そう言ってみたのは、ただの思い付きだった。
後輩の妹は私の発言を受けて不思議そうに首を傾げる。

「交換日記ですか?」
「そう。良いアイディアだと思うんだけど……どう?」

彼女は少し考えてこくりと頷くと、自室へ戻る。
席を外していたのは二、三分のことで、リビングへ戻ってきた少女は困ったように眉尻を下げながら言った。

「すみません……ノート、無くて」
「あぁ、そうか。うーん、そうだな、それなら一緒に買いに行こうか」
「えっ?」

でもお兄ちゃんが、と言ってしどろもどろになりながら彼女は視線をうろつかせる。

「大丈夫。

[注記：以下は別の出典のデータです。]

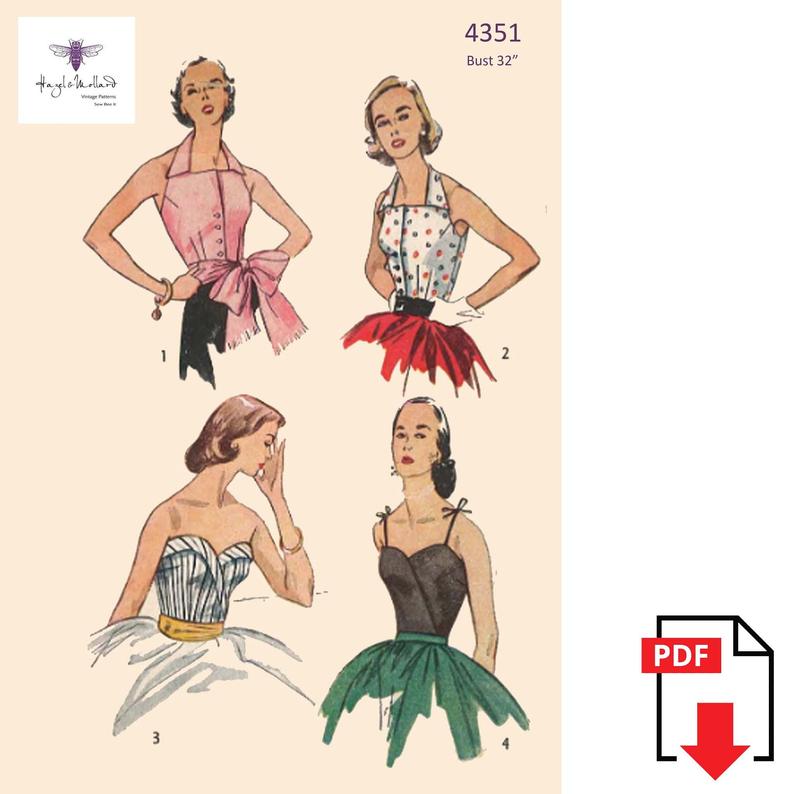 Vintage 1950's Sewing Pattern: Bombshell Stunning Blouse & image 0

アラタには内緒にするから」
「……でも、」
「私と一緒だから、何も危ないことはないよ。ちょっと買い物に行くだけさ」

ついでに行きたいところはないかな? と私が尋ねると、後輩の妹は少し頬を赤く染めながら「写真が撮りたいです」と言った。

「写真?」
「はい……あの、ちゃんとしたものじゃなくて、なんでも、」

写真館で撮らないなら、デジカメだとしても現像しなければいけないから少し時間がかかるだろうし、私が持っている携帯のカメラには印刷に向いているほどの画質は無い。

「…………交換日記に、貼りたいので」
「あぁ……」

それならプリクラにしようか、と提案した。あれならすぐに撮れて、サイズも大きくなく、裏面はシール状だから貼るのも簡単だ。
一度に何回も撮影されるから、いろんなポーズを試すこともできる。

「ぷりくら、」
「私も同級生と撮ったことがあるんだ。結構楽しいよ」

任務の帰りや適当な買い出しのついで。ゲーセンで親友と時間潰しがてら、ふざけ合って写真を撮った。バカみたいな落書きを施してみたり、思い切り変な顔をしたり――――どう考えても使い道は見い出せないにもかかわらず、なかなか楽しいものだ。
……もう一人の同級生には、白い目で見られたが。

「……じゃあ、ぷりくらがいいです」
「オッケー、決まりだね。今から外出しても大丈夫かな?」
「は、はい! 準備します!」

少女は可愛らしいワンピースを着て靴を履き、玄関を抜けて外へ出た。
きっちりと施錠を確かめて、私は後輩の妹を連れてこっそりとエレベーターに乗る。

「急に連れ出しちゃってごめんね」
「いえ……ぷりくら、一緒に撮るの……今から楽しみです」
「私も楽しみだよ」
「本当にありがとうございます――――夏油さん。」


――――そう。私がまだ、猿を人として認識していた……遠い昔の話だ。